DWP is agent-agnostic, but it expects two recurring building blocks — skills and agents — and a deliberate way of getting oriented in a repository before any work begins.

Skills versus agents

The two are easy to confuse but serve different purposes:

  • Skills are reusable procedures invoked by name. A skill packages a repeatable workflow — running tests, fixing lint, creating a component — so that agents and humans invoke it the same way every time.
  • Agents are specialized workers with a defined role — reviewer, executor, architect. Each agent has a focused responsibility and operates within its scope.

A useful shorthand: a skill is how to do a recurring task; an agent is who is responsible for a class of work.

A living kit: the repository grows its own skills

Onboarding turns a repository into the agent harness; it does not freeze it. The kit is meant to grow as the repository’s workflows become clear. DWP provides an author sub-skill — invoked through /skill-create and /agent-create — that reasons about the repository’s existing .agents/ layout and conventions, then writes a new skill, agent, or thin command delegator that matches them. The repository authors its own kit rather than inheriting a generic one.

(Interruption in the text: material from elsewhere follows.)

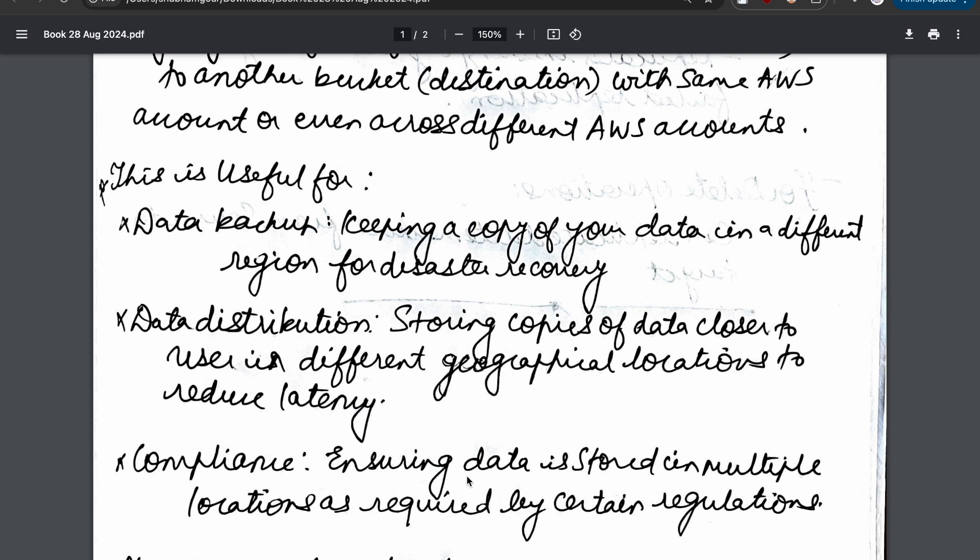You can also use it for data distribution. Let's say there is a file from your office that people want to access, and there are people sitting in another location who want to use the same copy. Storing a copy of data closer to users in different geographical locations reduces latency.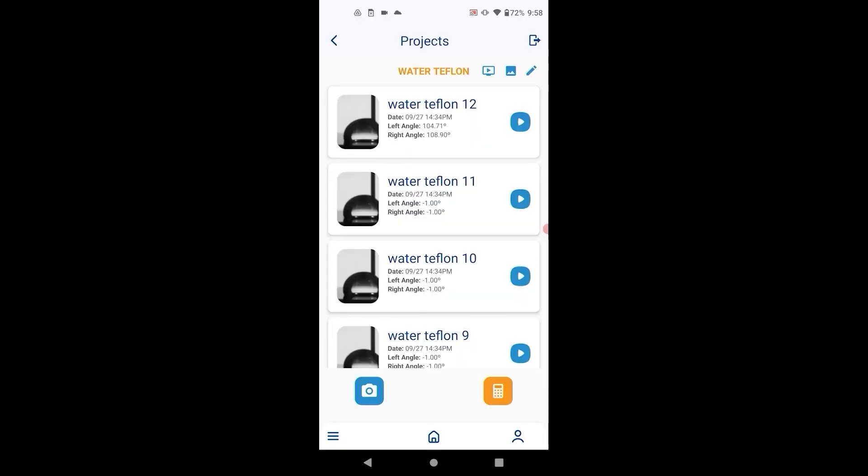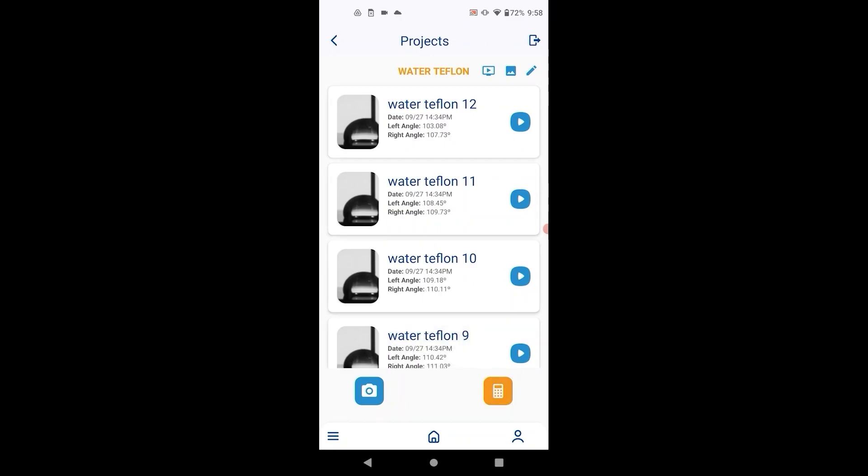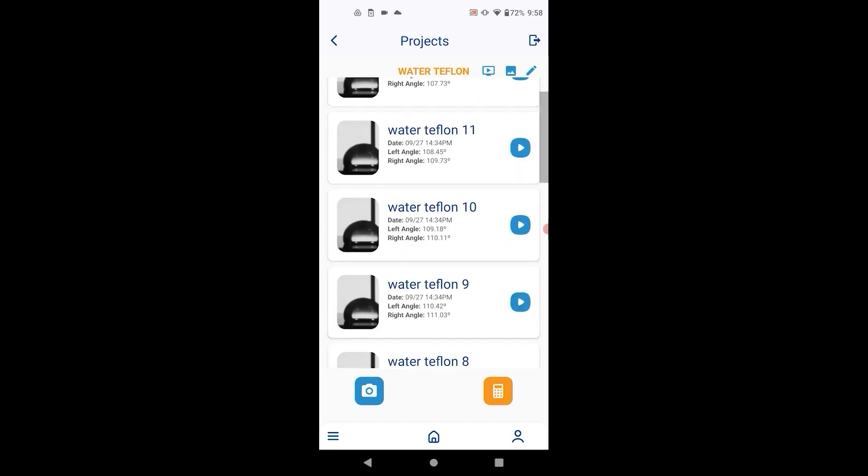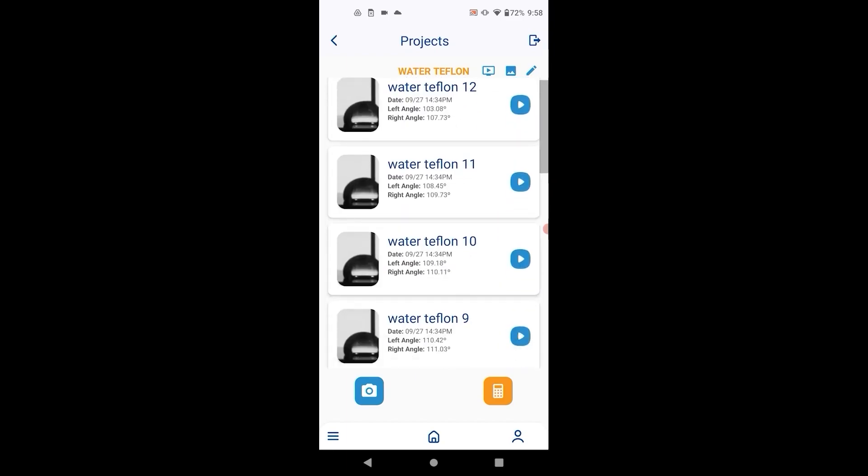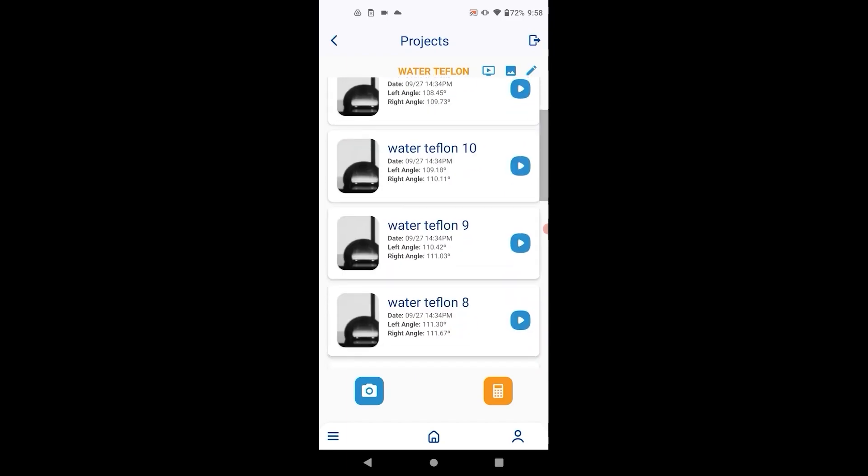Go to one of the images and do the entire calculation process, including calibration if using the Young-Laplace method. Then go back and hit calculate all to process all the images captured in this time frame.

The author sub-skill is deliberate about fit. It creates a skill for a repeatable procedure people run by hand, an agent for a recurring role with distinct model or tool needs, and a command only as a thin entry point that routes to a skill or agent. It skips anything generic that does not match a real workflow, and it keeps the .agents/docs/ catalog in sync with whatever it adds. The same sub-skill backs the mandatory Skills & Agents Discovery task, which reconciles the catalog against what is actually on disk — and /dwp-verify confirms that reconciliation objectively, failing if the catalog and the files diverge.

Maintenance add-ons

Beyond authoring, DWP ships opt-in maintenance add-ons — never required for a repository to be AI-first. The dependency-upgrade add-on is the canonical example: it reasons about the repository’s actual package manager (npm, pnpm, or yarn with ncu; pip, poetry, or uv; Cargo; Go modules; Bundler; Composer) instead of assuming one, then upgrades in small batches, runs the repository’s real validation gate after each batch, reverts any batch that fails, and summarizes without auto-committing. Add-ons are accepted explicitly during onboarding; declining one leaves the repository fully conformant.

Reasoning-based repository onboarding

Before creating or executing a plan, an agent onboards to the repository. Onboarding is reasoning-based, not script-based: the agent reads the repository’s structure, documentation, and configuration to build a mental model rather than running a fixed setup script.

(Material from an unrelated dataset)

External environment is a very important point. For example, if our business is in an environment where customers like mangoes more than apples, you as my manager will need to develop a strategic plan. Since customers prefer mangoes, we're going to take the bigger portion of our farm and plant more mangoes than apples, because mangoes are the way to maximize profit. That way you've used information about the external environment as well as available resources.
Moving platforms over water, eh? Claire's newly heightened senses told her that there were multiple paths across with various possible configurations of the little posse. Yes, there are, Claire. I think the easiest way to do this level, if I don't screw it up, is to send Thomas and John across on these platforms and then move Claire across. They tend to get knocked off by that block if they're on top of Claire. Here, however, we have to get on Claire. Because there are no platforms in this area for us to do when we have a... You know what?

During onboarding the agent identifies the repository archetype (individual versus orchestrator), the build, test, and lint commands, the existing conventions for style, structure, and naming, and the skills and agents already available. This understanding is what lets the agent plan and execute in a way that fits the repository instead of fighting it.

DWP collects everything that defines agent behavior — skills, commands, agent definitions, internal documentation, and settings — under a single canonical directory, .agents/. The name signals that the contents are shared across agents rather than tied to any one tool.

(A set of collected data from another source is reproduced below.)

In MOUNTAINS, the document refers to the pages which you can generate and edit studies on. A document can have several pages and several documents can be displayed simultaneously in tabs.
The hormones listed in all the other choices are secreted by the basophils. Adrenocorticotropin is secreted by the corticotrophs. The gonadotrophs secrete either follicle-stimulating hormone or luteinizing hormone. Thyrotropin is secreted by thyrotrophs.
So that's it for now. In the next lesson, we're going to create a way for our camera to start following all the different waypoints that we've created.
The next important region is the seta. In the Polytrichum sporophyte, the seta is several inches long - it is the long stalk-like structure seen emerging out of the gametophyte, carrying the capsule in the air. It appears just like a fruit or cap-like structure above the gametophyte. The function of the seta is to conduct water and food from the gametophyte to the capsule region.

For backward compatibility with tools that historically read from .claude/, that path is a symlink to .agents/:

ls -la .claude
# .claude -> .agents

Every .claude/... path resolves transparently to its .agents/... equivalent, so older tooling keeps working while new content references the canonical .agents/ location. Skills and agents are edited through the real files under .agents/, never through the symlink.